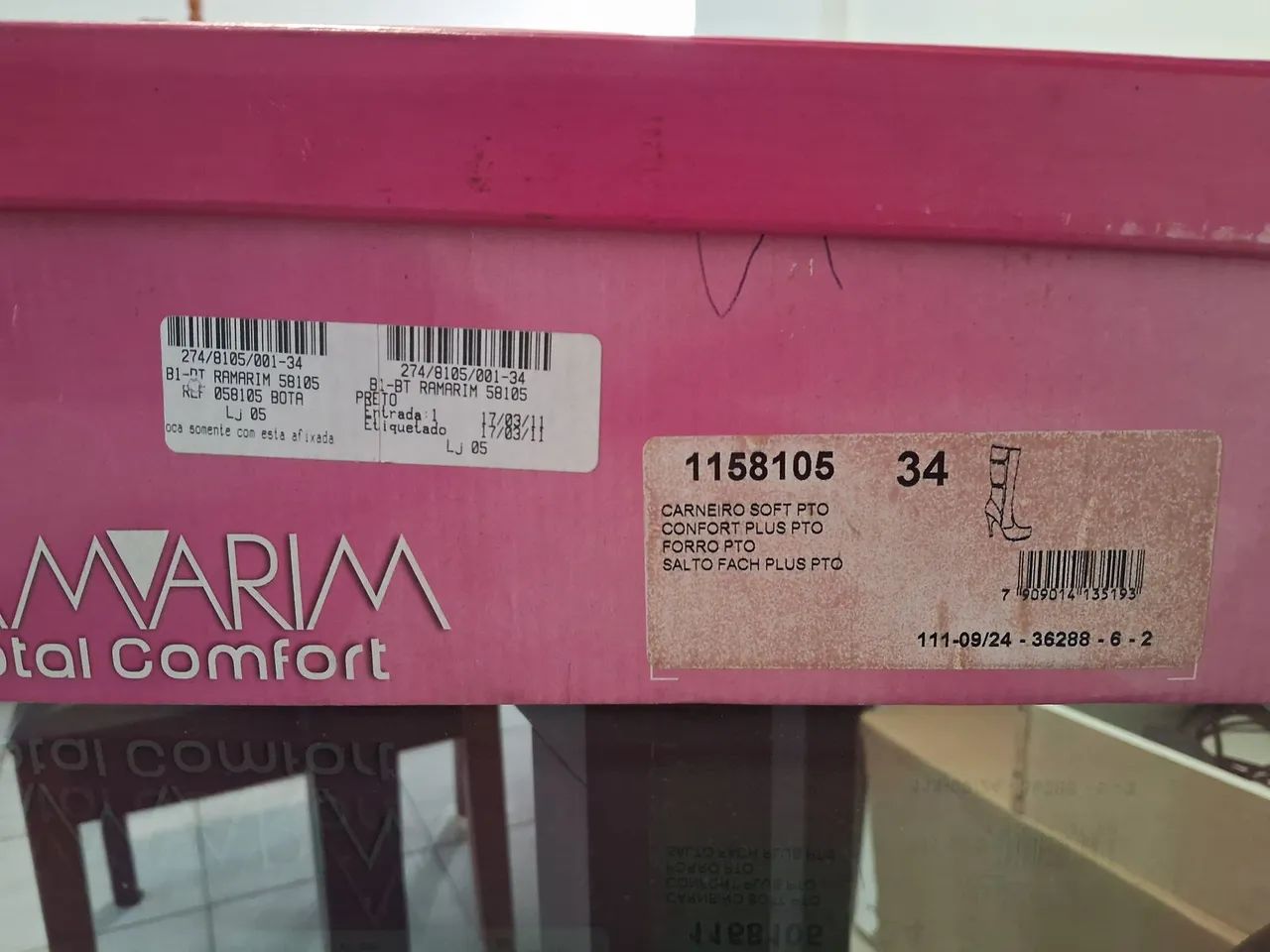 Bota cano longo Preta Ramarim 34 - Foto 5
──────
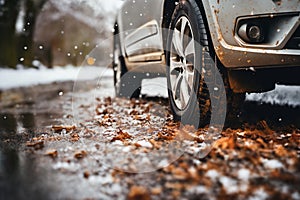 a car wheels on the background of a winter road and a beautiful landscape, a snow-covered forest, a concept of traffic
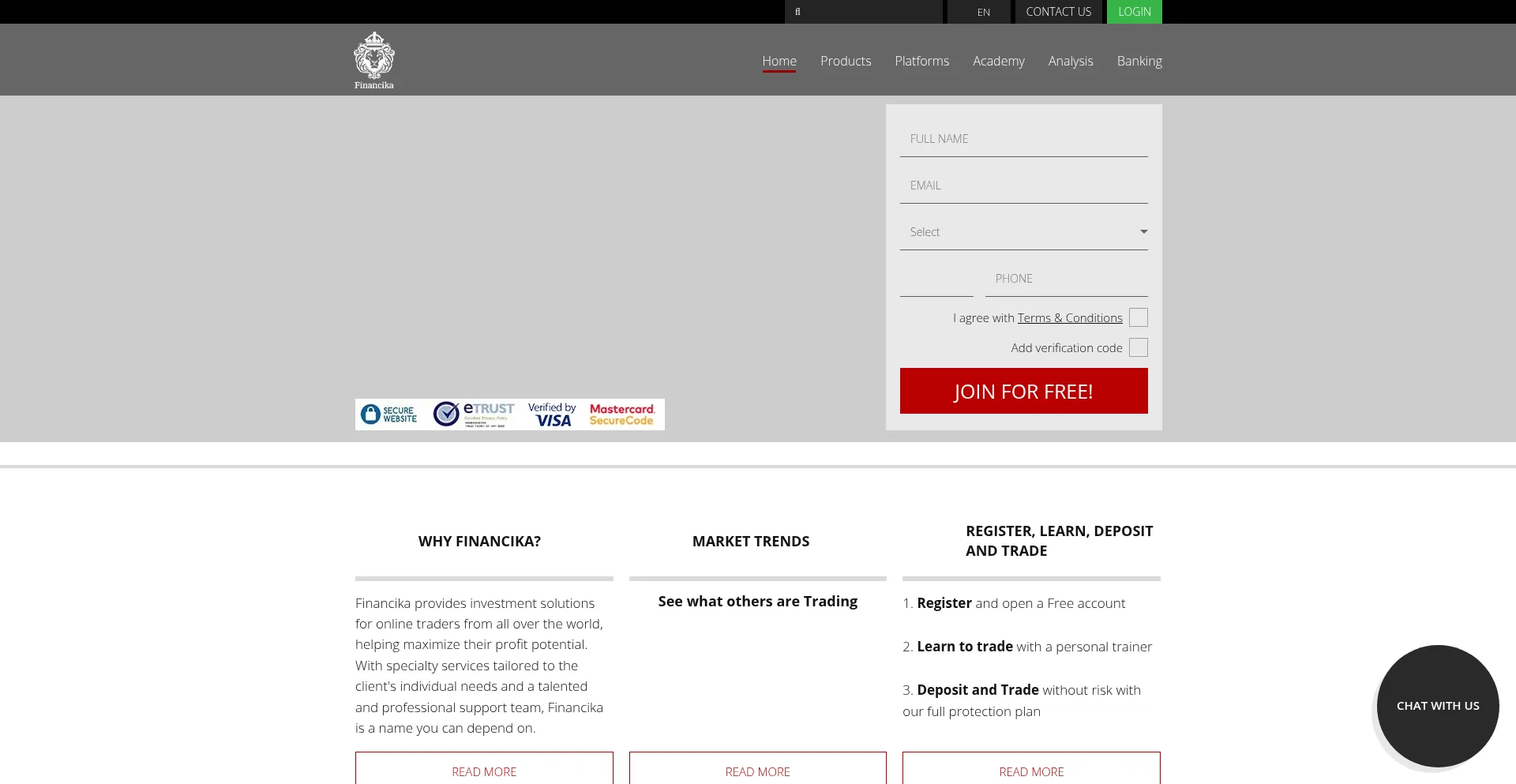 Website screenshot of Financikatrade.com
──────
**EXERCISE AIM:**
Look through the material above. Transcribe exactly the lines between the ones with "a car wheels" and "Website screenshot of Financikatrade.com", inclusive, and keep pictures out.

**REPLY TO THE TASK:**
 a car wheels on the background of a winter road and a beautiful landscape, a snow-covered forest, a concept of traffic
 Website screenshot of Financikatrade.com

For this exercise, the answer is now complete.